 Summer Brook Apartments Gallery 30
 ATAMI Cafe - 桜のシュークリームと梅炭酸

--

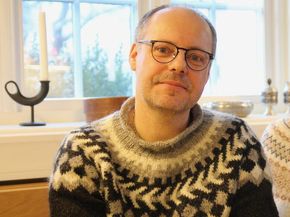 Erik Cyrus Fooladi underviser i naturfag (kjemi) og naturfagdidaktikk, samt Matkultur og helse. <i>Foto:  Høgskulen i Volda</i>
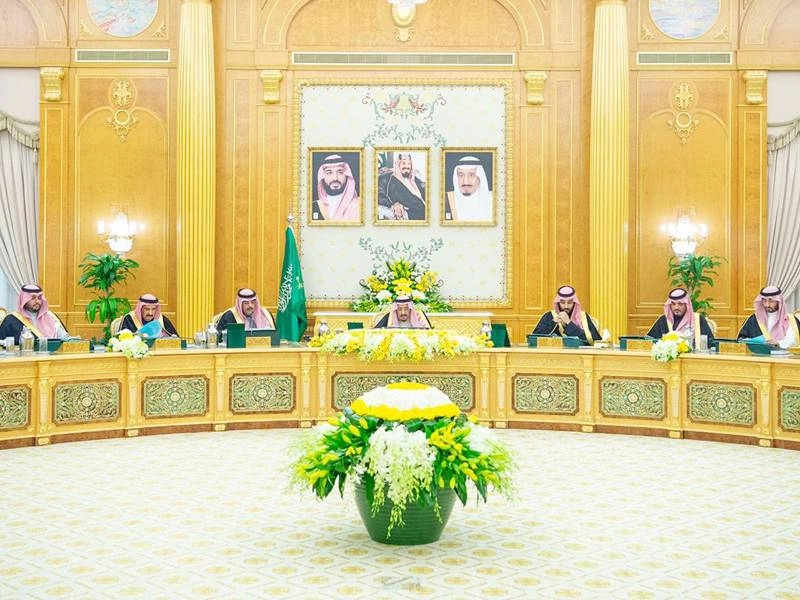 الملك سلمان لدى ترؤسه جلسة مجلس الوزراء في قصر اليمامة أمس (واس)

--

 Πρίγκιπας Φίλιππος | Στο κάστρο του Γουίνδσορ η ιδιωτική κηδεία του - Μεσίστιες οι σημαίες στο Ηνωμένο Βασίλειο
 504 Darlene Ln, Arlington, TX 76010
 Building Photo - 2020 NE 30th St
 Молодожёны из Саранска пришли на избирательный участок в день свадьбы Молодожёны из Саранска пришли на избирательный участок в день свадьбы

--

• WHAT YOU ARE ASKED TO DO: Look in the material above for the line with "Πρίγκιπας Φίλιππος |" and the line with "день свадьбы Молодожёны", and transcribe exactly those lines and all lines between them, nothing more.

• RESULT OF THIS TASK:
 Πρίγκιπας Φίλιππος | Στο κάστρο του Γουίνδσορ η ιδιωτική κηδεία του - Μεσίστιες οι σημαίες στο Ηνωμένο Βασίλειο
 504 Darlene Ln, Arlington, TX 76010
 Building Photo - 2020 NE 30th St
 Молодожёны из Саранска пришли на избирательный участок в день свадьбы Молодожёны из Саранска пришли на избирательный участок в день свадьбы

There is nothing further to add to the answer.